8. Carefully calibrated brand action. As the restaurant industry emerges from recession and capital spending picks up, we’ll see more fast-casual brand extensions by full-service restaurants and even non-restaurant brands; more ultra-niche eateries with narrowly focused menus and high-concept ambiance; investment in brand refreshes and remodels instead of unit growth. What new units we’ll see will be smaller, sustainably built, with more efficient layouts, often in nontraditional locations.

9. Back to our roots. The durable hunger for comfort food develops an appetite for homestyle Southern fare, from grits to seafood; retro Italian, including meatballs; gourmet donuts and popsicles for dessert; family-style service formats and family-size portions that would look right at home in a Norman Rockwell print.

10. New competition from c-stores. Retailers have been encroaching on restaurant turf for some time, but now the hottest action is among convenience-store operators upgrading their foodservice, where margins are 40% to 60% instead of the 5% typical for gas. Consumers are responding positively to upgraded offerings, variety and ambiance.

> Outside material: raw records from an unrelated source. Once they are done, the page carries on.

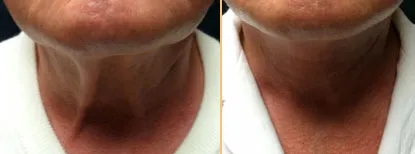 A patient's neck before and after a facelift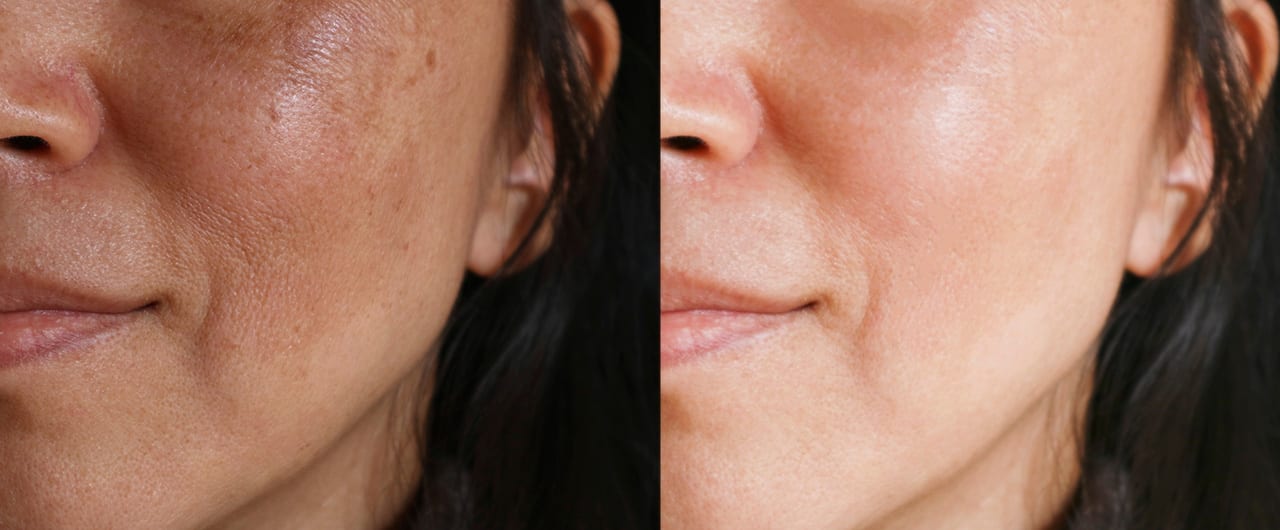 Melasma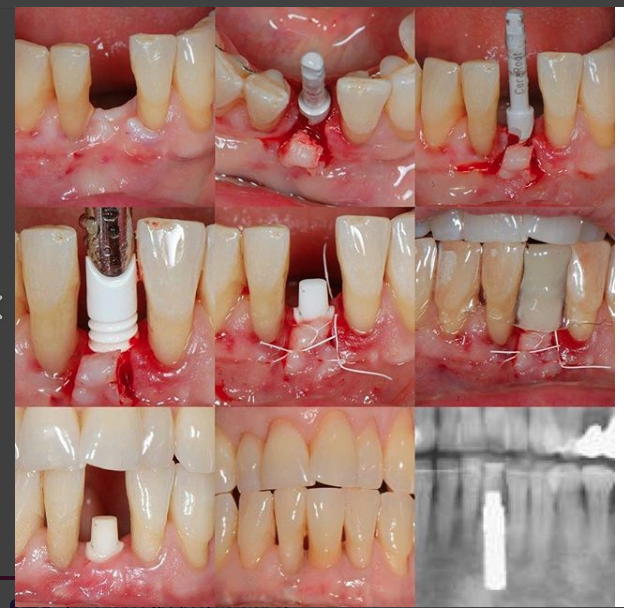 CeraRoot USA Inc. - ceramic dental implants | 2800 Neilson Way Suite 2, Santa Monica, CA 90405, USA | Phone: (800) 485-1613
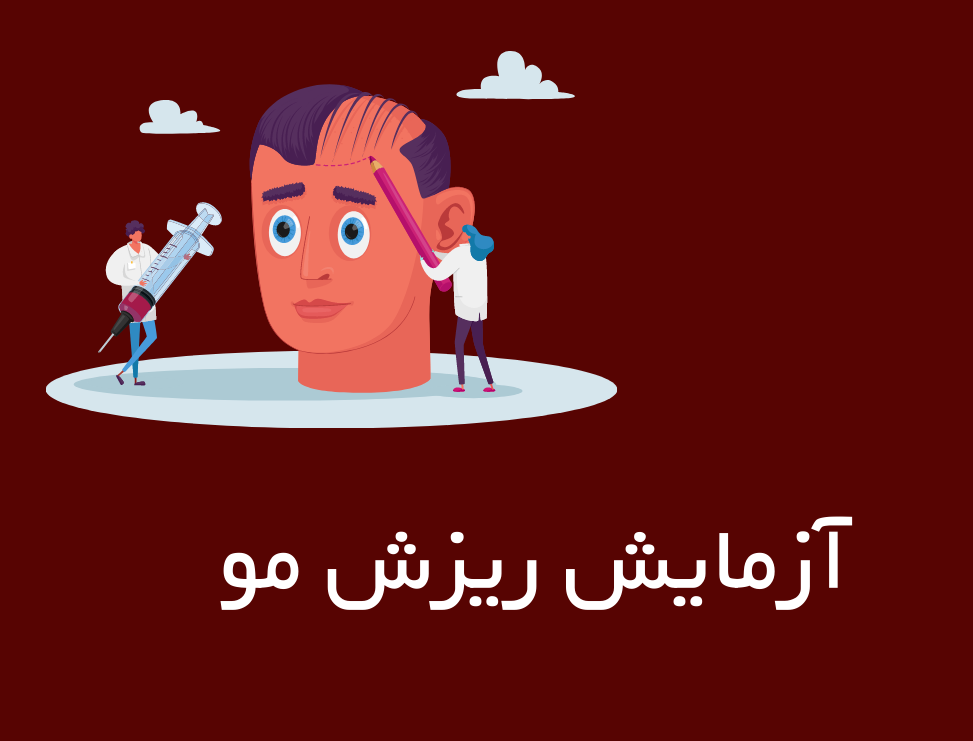 آزمایشات مرتبط به ریزش مو
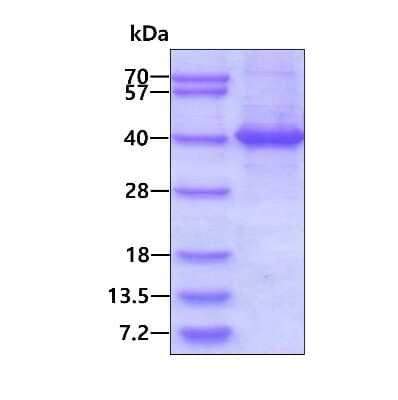 SDS-PAGE: Recombinant Human CRALBP His Protein [NBP2-51538]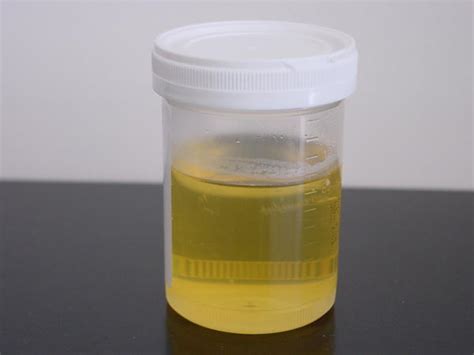 Positive Nitrates In Urine During Pregnancy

11. Healthful vs. indulgent: the little angel says one thing, the little devil another. As federal menu-labeling requirements take effect in 2011, the issue of healthful vs. indulgent fare—on the menu and in menu descriptions—gets complicated. Look for more items and detailed descriptions on “healthy” menus—including gluten-free fare as well as more “under x calories” items. Limited-time offers (including seasonal fare) will trend up, not only because they attract attention, but also because they don’t require posting nutrition data that consumers would rather not know. “Eating a little better” will translate into menu modifications such as slightly-lower-sodium, slightly-more-glamorous sea salt; “eating better some of the time” will lead to more innovations like “Meatless Mondays.”

Photo: Chef-instructor Heidi Hedeker of Kendall College, Chicago, cultivates heirloom tomatoes from Kendall’s organic garden for use in teaching in the college’s three dining outlets.